Yep i'm pluke.  The reddit is obviously more interested in debunking Aaron's contribution to reddit than in anything new that he is doing ... just like you were more interested in your take on information and truth than in any new aged governmental transparency.  As to the birth certificate, well i wouldnt expect something as hyperpartisan as that to ever show up on here; but that page needs to be fleshed out.  As you can see, my own take on what this should be, is far different that what is actually happening, although i did fortell that it appears to be mostly an excuse to do a massive semantic web application.  From my point of view, the semantic web is still a pipe dream ... why not lobby the new administration to actually make their data and metadata available via traditional SQL servers.  But i'm game ... if the government makes their metadata available to all via the semantic web ... well that would certainly validate TBL's dream.

M 2009-01-08 09:20:27 11224

Hyperpartisan or not, the birth certificate thingy shows how much BHO is really interested in transparency.  I suspect most are more interested in exposing the Bush administration.

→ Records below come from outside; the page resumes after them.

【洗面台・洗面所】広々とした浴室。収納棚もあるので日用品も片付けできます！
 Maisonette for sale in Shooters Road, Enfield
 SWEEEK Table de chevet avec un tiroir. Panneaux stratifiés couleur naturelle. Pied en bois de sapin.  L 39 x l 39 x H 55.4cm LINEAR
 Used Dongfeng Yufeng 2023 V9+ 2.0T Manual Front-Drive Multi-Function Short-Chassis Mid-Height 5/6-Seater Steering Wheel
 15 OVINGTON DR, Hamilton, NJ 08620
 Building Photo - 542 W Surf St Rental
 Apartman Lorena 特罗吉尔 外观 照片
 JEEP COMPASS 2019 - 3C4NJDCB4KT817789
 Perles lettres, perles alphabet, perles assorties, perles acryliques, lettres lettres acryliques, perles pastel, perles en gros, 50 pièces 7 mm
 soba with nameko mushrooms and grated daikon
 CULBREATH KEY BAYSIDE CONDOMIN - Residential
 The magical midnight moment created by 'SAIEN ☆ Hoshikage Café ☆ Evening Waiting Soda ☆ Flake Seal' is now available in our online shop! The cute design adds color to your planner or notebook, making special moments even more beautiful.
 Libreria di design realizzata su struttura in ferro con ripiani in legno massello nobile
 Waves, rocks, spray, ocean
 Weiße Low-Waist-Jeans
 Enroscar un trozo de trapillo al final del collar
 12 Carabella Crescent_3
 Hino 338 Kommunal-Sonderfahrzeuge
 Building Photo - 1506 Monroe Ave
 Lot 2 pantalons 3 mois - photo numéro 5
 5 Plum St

Too bad they will also hit the Clinton administration which will expose a whole bunch of Obama's appointees.  When you get a large amount of information with a large degree of complexity in the relationships amongst the bits of data then you will find that the needle in the haystack principle prevails & very little useful will come of it. It will be like hiding something in plain sight. That which is probably more interesting is the classified information useful to both our enemies & each other.  That's the way they will tie it all back up behind the veil.  One good thing might be that BHO in his bailout plans might devote a few billion to hire some of us old computer programmers & the like to help solve the problem.
Remember this item is about

There has not been any activity at this website for a long time ... perhaps it is only one of Aaron's dead projects.